» Task goal
For this exercise, output the line holding "Essential Oils For" and all subsequent lines of the entries below, unchanged, up to and including the last.

[Web page caption snippets]
/---

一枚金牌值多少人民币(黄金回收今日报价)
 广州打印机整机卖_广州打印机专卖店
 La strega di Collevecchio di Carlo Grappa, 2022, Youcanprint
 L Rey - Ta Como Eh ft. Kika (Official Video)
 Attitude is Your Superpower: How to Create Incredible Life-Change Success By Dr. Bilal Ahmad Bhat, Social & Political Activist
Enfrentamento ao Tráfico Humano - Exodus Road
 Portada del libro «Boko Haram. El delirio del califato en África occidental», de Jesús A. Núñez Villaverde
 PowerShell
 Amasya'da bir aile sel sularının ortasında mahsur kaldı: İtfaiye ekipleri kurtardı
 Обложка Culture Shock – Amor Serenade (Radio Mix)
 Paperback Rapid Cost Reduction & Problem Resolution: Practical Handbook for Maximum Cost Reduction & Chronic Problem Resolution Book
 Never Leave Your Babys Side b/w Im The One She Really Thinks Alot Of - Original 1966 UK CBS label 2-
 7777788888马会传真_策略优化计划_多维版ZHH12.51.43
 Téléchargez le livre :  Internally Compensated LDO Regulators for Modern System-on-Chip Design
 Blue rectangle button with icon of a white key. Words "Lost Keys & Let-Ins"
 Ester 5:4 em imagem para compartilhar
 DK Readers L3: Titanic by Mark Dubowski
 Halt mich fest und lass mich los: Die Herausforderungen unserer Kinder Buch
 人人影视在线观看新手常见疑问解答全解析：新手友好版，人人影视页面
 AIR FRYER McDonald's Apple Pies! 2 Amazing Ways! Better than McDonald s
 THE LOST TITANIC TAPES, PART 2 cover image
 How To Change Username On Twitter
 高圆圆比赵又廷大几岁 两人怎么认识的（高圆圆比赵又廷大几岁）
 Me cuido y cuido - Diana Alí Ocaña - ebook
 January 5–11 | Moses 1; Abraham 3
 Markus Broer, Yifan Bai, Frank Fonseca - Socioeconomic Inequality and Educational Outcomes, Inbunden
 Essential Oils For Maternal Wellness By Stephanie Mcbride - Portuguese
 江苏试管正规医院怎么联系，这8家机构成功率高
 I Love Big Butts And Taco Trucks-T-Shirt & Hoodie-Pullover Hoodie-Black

\---

» Exercise output
 Essential Oils For Maternal Wellness By Stephanie Mcbride - Portuguese
 江苏试管正规医院怎么联系，这8家机构成功率高
 I Love Big Butts And Taco Trucks-T-Shirt & Hoodie-Pullover Hoodie-Black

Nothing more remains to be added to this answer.